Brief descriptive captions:
=======
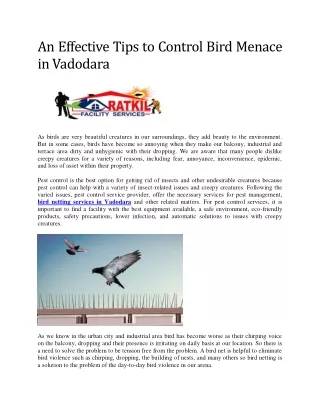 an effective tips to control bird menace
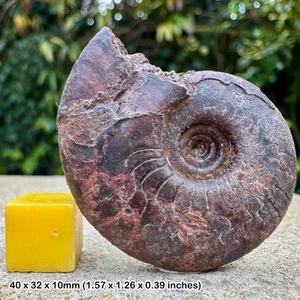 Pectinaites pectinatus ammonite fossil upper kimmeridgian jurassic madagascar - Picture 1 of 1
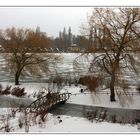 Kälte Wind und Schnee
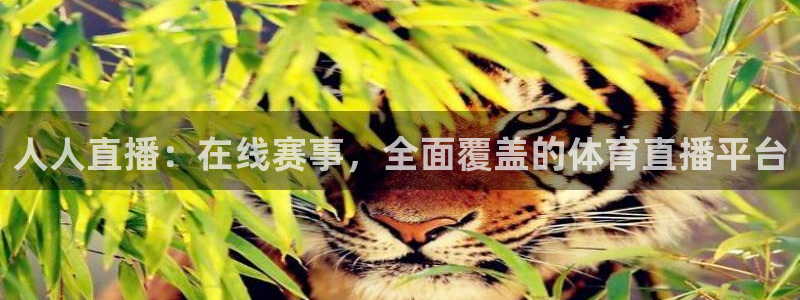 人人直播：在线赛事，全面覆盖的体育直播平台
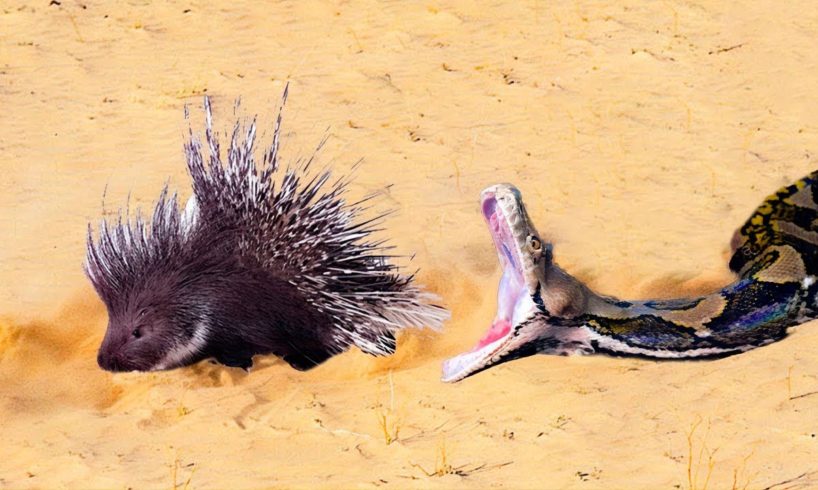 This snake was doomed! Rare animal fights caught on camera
=======
Retype, without any picture, exactly the lines from the one with "人人直播：在线赛事，全面覆盖的体育直播平台" through the end of the entries, inclusive.

 人人直播：在线赛事，全面覆盖的体育直播平台
 This snake was doomed! Rare animal fights caught on camera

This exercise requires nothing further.